In Sufi practice, the path to this transparency is the progressive purification of the nafs (ego-self) through the maqamat (stations). Each station strips away another layer of opacity. Tawba (repentance) strips the grossest obscurations. Zuhd (renunciation) strips attachment to the world. Sabr (patience) strips the demand that the path proceed at the ego's preferred pace. Shukr (gratitude) strips the sense of entitlement. Tawakkul (trust in God) strips the need to control outcomes. With each stripping, the ruby becomes more transparent. With each station passed through, more light comes through the stone. The process is not one of adding polish to the surface. It is one of removing the impurities that prevent the stone from being what it already is.

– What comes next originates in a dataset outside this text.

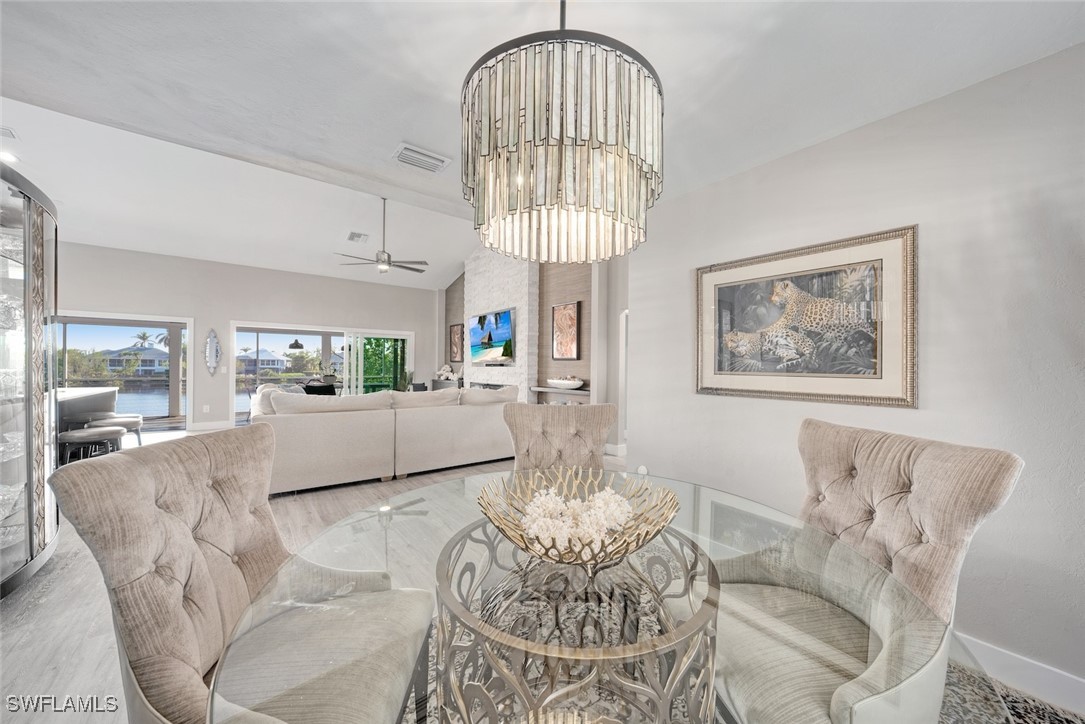 1441 Sand Castle Road Sanibel, FL 33957 - Photo 6 of 33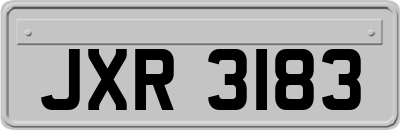 JXR3183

The chakra system offers a parallel map. The progression from the root chakra (muladhara) to the crown (sahasrara) traces a path from dense, contracted, survival-oriented consciousness to open, transparent, unified awareness. The ruby at the base is opaque, concerned with its own survival as a separate object. The ruby at the crown is so flooded with light that it has become a window rather than a wall. Both systems describe the same journey: from identification with form to transparency to the formless.

Rumi's marketplace image brings the teaching into social reality. Reason "saw a marketplace and began to trade." This is the transactional mind: I will do this spiritual practice to get that spiritual result. I will be good to earn God's favor. I will meditate to achieve enlightenment. The marketplace mind turns the spiritual path into a business deal. Love has seen "marketplaces beyond what worthless reason can reach." Love operates in an economy that reason cannot comprehend, an economy where giving and receiving are the same act, where the buyer is the goods, where the transaction completes itself the moment the distinction between buyer and seller dissolves.

The closing couplet names the paradox at the heart of the Sufi path: "found permanence inside annihilation." Fana (annihilation) and baqa (permanence) are not sequential stages where one ends and the other begins. They are simultaneous. The ruby does not first disappear and then reappear. It exists in a state where it is simultaneously itself and the light. The individual simultaneously ceases to exist as a separate self and continues to exist as a transparent expression of the divine. This simultaneity is what makes the Sufi teaching on fana distinct from simple ego-death. The death is real. And the life that follows the death is more real than the life that preceded it, because it is no longer burdened by the illusion of separation.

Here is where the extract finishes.